(Items listed in a dataset)

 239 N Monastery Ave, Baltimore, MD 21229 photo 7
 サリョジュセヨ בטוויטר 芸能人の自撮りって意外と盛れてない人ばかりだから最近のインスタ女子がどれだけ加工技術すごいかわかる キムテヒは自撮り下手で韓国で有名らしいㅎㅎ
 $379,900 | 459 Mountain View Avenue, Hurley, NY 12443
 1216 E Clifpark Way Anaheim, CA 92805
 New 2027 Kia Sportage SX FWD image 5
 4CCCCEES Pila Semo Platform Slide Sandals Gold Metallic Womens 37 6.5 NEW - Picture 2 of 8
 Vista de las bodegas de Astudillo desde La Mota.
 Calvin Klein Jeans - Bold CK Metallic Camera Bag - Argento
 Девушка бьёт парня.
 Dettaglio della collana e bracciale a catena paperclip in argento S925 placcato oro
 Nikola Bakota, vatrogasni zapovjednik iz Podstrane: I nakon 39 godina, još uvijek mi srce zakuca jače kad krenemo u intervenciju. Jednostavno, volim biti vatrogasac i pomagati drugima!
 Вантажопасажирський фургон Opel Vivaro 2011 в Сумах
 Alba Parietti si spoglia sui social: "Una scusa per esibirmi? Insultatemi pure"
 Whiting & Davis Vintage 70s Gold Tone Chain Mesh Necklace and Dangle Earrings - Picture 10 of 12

▶ _What is expected_
From the data, pick out every line that includes "Metallic".

▶ _Result for this task_
 4CCCCEES Pila Semo Platform Slide Sandals Gold Metallic Womens 37 6.5 NEW - Picture 2 of 8
 Calvin Klein Jeans - Bold CK Metallic Camera Bag - Argento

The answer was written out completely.